Beatles Abbey Road
US release: October 1, 1969
What is the last Beatles album? The answer depends on whether one uses the actual times that Apple released the album or the actual time(s) that the Beatles recorded the album.
Beatles Abbey Road
Let It Be
The US release of Let It Be was May 8, 1970. The Beatles actually recorded in before Abbey Road in February 1968, January – February 1969. Since most of Let It Be was recorded in January 1969, before the recording and release of Abbey Road, some argue that Abbey Road should be considered the group’s final album and Let It Be the penultimate.
Famed producer Phil Spector is typically associated with the ablum, but his post-production embellishments so disappointed so many that in 2003 Apple re-released the album as Let It Be…Naked and removed those embellishments that Paul McCartney in particular felt got in the way of the group’s original stripped down sound goal.
Beatles Abbey Road
Beatles Abbey Road
In any case, Abbey Road is a different album than Let It Be. With Abbey Road, knowing it was likely their last, the Beatles wanted to do what they did best and go into the studio with George Martin, not Phil Spector.

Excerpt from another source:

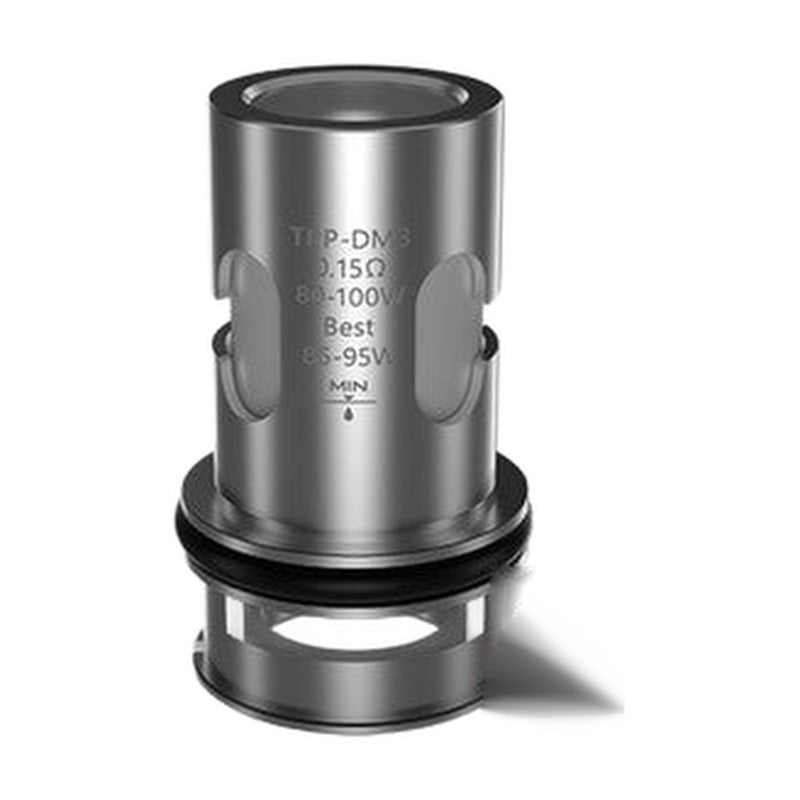 VooPoo TPP Replacement Coils - Pack of 3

The album cover is, of course, iconic and no other site of an album cover has had so many visitors and pictures taken by those visitors. Also of note about the album cover is that it contains neither the album’s nor the group’s name.
Beatles Abbey Road
George Martin
As had almost always been the case, George Martin was a huge part of the album. He later said that his response to Paul McCartney’s request to produce it: “I was quite surprised when Paul rang me up and said, ‘We’re going to make another record, would you like to produce it?‘ and my immediate answer was, ‘Only if you let me produce it the way we used to.’ and he said, ‘We do want to do that’ and I said, ‘John included?’ and he said, ‘Yes, honestly.”
He also said, ““It was a very very happy album. Everybody worked frightfully well and that’s why I’m very fond of it.”
Beatles Abbey Road
Side Two
We all know side two. “Here Comes the Sun” then “Because.” Then the medley. THE medley.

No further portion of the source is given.